ISA coronavirus surveillance has brought into the limelight the “Tool,” a database to which the service has been secretly siphoning communications metadata for nearly twenty years. The public parliamentary deliberative process and the juridical proceedings pertaining to the design of the legal framework authorizing the ISA to use the Tool for purposes beyond its statutory remit, provided us with a rare opportunity to examine the workings of the Israeli online surveillance oversight array.

Overall, it appears that since the spread of COVID-19, parliamentary oversight has managed to advance a more nuanced legal framework for ISA surveillance, adding controls and safeguards against human rights infringements. Judicial review of the framework at its early stages contributed to anchoring it in a statutory form, rather than in emergency regulations, thus ensuring enhanced parliamentary scrutiny. However, by focusing on the question of whether ISA coronavirus location tracking was necessary, the parliamentary oversight did not manage to promote alternative measures that would have entailed significantly fewer infringements.

Both the judicial review and parliamentary oversight have focused mainly on policymaking and designing the legal framework for ISA coronavirus surveillance. The attempt to introduce supervisory aspects of oversight – ensuring legal compliance and adherence to human rights standards on a routine basis – was less successful.

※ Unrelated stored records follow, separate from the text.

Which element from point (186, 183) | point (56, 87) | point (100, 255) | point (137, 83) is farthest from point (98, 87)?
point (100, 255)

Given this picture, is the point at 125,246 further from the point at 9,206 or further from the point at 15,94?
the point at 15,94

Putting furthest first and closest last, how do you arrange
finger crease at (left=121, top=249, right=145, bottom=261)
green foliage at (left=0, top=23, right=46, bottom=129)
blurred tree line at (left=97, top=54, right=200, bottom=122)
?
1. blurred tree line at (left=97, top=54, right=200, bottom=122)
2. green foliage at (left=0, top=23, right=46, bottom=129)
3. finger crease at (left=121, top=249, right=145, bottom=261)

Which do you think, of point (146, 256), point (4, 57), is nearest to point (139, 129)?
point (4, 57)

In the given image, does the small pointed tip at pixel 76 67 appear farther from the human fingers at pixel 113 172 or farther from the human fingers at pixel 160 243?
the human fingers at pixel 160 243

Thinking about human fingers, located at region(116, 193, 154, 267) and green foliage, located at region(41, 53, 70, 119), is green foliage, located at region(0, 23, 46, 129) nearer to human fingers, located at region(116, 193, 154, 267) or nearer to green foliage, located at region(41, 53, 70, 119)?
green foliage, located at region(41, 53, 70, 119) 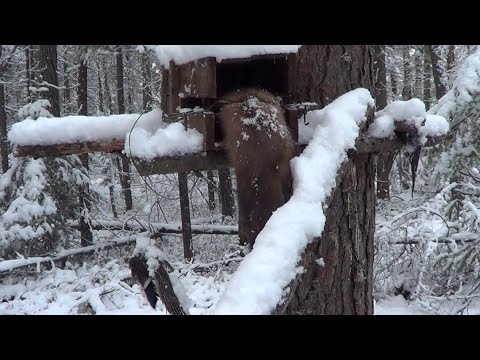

The lessons learned from Israeli SIGINT oversight during the COVID-19 crisis stress the importance of expertise and data-driven policymaking, as well as the significance of public participation by civil society actors and of transparency – both of which contribute to the enhancement of public trust in the ISA and, by extension, in other intelligence agencies. Finally, the shifting positions reviewed in this paper of the parliamentary oversight subcommittee regarding the necessity of alternative measures to ISA coronavirus location tracking can serve to indicate that proper SIGINT oversight should be independent of external political influences, stressing the need for a dedicated independent expert body tasked with the daily overseeing of SIGINT activities.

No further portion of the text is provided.